Trata-se de projeto político de mudanças com vistas ao reordenamento da sociedade sob outros termos e bases, ou seja, fora da lógica da supremacia masculina. Na pluralidade e diversidade de sua composição – são mais de 1000 grupos espalhados pelo país, atuando em diferentes setores: partidos políticos, estrutura do Estado, sindicatos, grupos autônomos, organizações governamentais e não-governamentais, associações de moradores, instâncias de controle social, universidades (SCHUMAHER e BRASIL, 2000: 235) – esse movimento da “segunda onda” aglutina-se em torno do propósito e do esforço comum de construção de uma sociedade cidadã, que exige eliminar toda e qualquer tipo de violência contra as mulheres, de modo a assegurar-lhes, enfim, seus lugares nos espaços de poder e decisão.
 Tão revolucionários quanto os movimentos da “primeira onda” e sua luta em prol dos direitos das mulheres quanto à educação, voto e trabalho – os feminismos da “segunda onda” investiram na agenda da emancipação das mulheres ao fazer a defesa de seus espaços no mundo profissional e pessoal e, sobretudo, na sexualidade. A abertura política no final dos anos 1970 e a redemocratização do país nos anos 1980, as possibilidades abertas quanto a um maior diálogo com as feministas francesas, inglesas e americanas, o uso da pílula anticoncepcional e o acesso a tecnologias reprodutivas são algumas das mudanças inscritas no movimento dessa “segunda onda”, experiência mediante a qual “as mulheres se tornaram mais conscientes de seu papel como sujeitos políticos de direitos, com plena e total cidadania”, como bem avalia Tânia Navarro Swain (Jornal da Comunidade, 29/09/2012).

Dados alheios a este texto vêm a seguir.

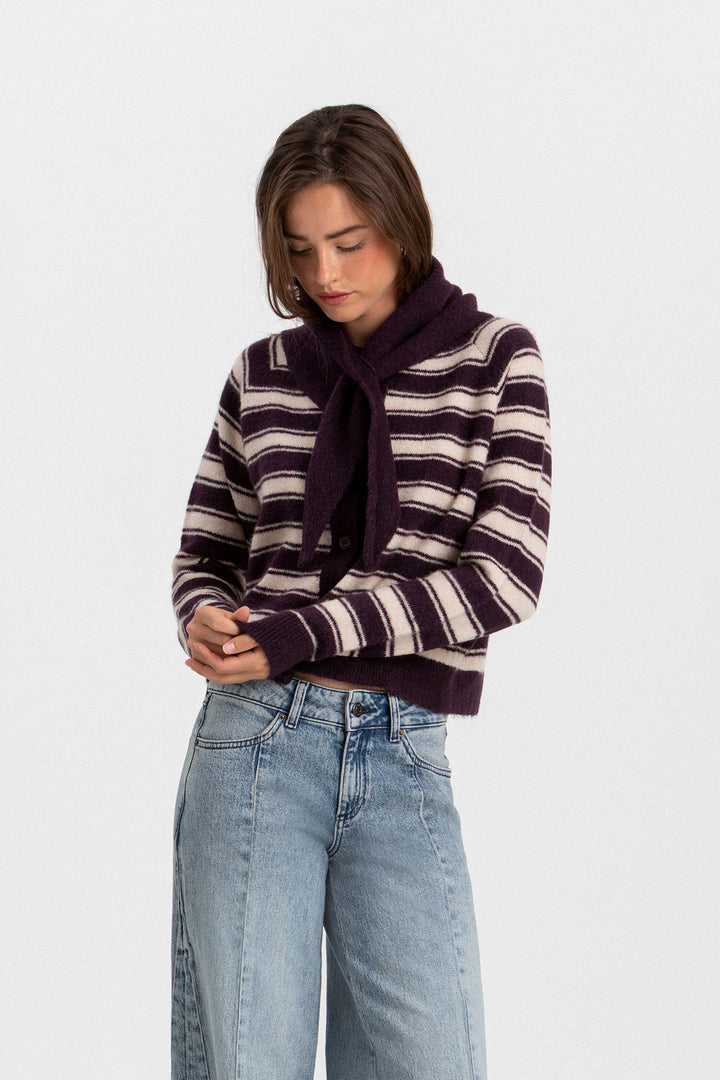OVERSIZE STRIPED CARDIGAN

Todavia, continuando com a historiadora, tal conscientização confronta-se com um “cotidiano ainda atravessado por práticas sexistas, explícitas ou não, dentre elas, a violência material e simbólica, o assédio, a discriminação no trabalho, a diferença salarial, que mostram que há muito ainda a ser feito.” (Idem, ibidem). Com efeito: há muito ainda a ser feito. Nesse fazer, não podemos e nem devemos abrir mão da perspectiva libertária dos feminismos para pensar o mundo e, sobretudo, pensar sua transformação, pois, afinal, como nos ensina Foucault, “já que as coisas existentes foram feitas, podem, com a condição que se saiba como foram feitas, serem desfeitas.” (FOUCAULT, 1994: 449). Desfaze-las e faze-las nos termos propostos pelos feminismos, de modo a transformar a libertação em efetiva liberdade para todos nós, que habitamos o planeta Terra, permanece sendo nosso desafio e nossa tarefa incontornável.